Western riding, you typically ride with jeans. I think where most people have issues is their jeans are just too snug or they have them for a fashion reason and they aren't really meant to be ridden in. If they are snug yes you ARE going to get chaffing and/or be pinched in places you shouldn't be. Dress more appropriately and according to what discipline you are riding.


----------



## ecasey (Oct 18, 2013)

English riding pants. I rubbed my calf raw with jeans once. Ouch.


----------



## gigem88 (May 10, 2011)

Whether I ride English or Western (unless at a show), I prefer breeches. With jeans the heat and humidity/sweat makes it hard to take them off and they are hot! Breeches slide off way easier. They are also cooler than jeans.


----------



## apw1970 (Jun 8, 2010)

I stand corrected. You are right about feeling the horse.

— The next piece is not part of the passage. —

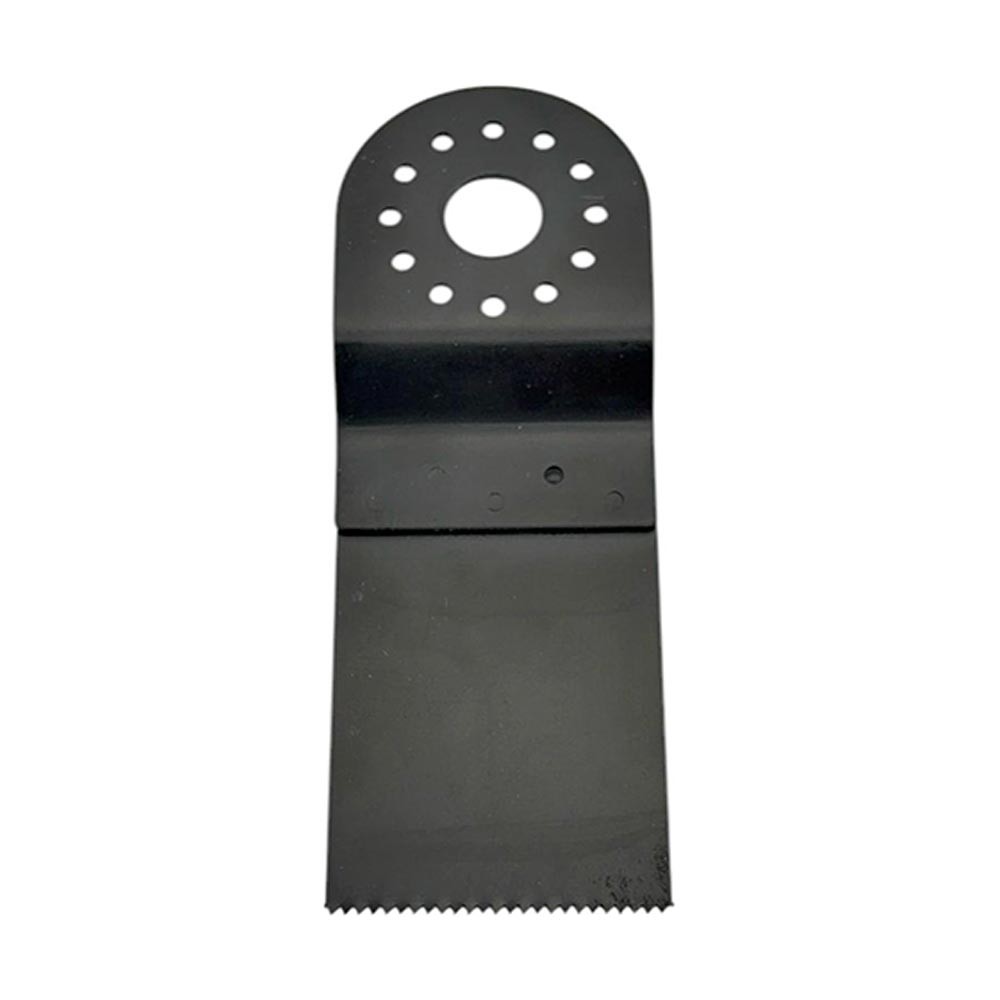Lâmina de Serra p/ Multicortadora RT-MG 10.8 LI Einhell 446503001031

Maybe it is just because I've always worn breeches that I continue to do so.


----------



## kiltsrhott (Mar 11, 2012)

I've ridden in both jeans and breeches, both English and western. I don't hate riding in jeans. I can do it, and I have, but I much prefer breeches, regardless of discipline. I just like that the breeches move with you, and breathe better. I sweat and get overheated when I'm exercising, and jeans just get uncomfortable for me when I sweat. They stick to me, and don't breathe at all. They're a bit restrictive as well, especially once they start to stick. Though I don't like wearing jeans much at all, in any situation. I tend to wear sweat pants, yoga pants, or exercise shorts whenever I'm not on a horse.


----------



## updownrider (Mar 31, 2009)

tinyliny said:


> if you have a quality saddle, and the jeans have external seams, they will create rub marks. I know there are jeans with not external seam that will work better, but Levi types have a pretty rugged inseam, and it will rub on a good , soft English saddle.


I read this all of the time on this board, yet I have never marked a saddle when I've worn jeans/Levis. I've ridden in all brands of saddles, too: Country, CWD, Pessoa, Hermes, Devoucoux, Butet and more. 

I don't hate riding in jeans but prefer breeches.
If I wear jeans, I wear half chaps.


----------



## boots (Jan 16, 2012)

I usually wear jeans regardless of saddle type. They are multipurpose from barn to grocery store to visiting friends.

But I will wear breeches if I have a whole day of riding. And once a friend lent me lined breeches when we had to move cattle a cold winter day. Those under batwing chaps that covered my feet. I was very warm. Funny looking. But warm.


----------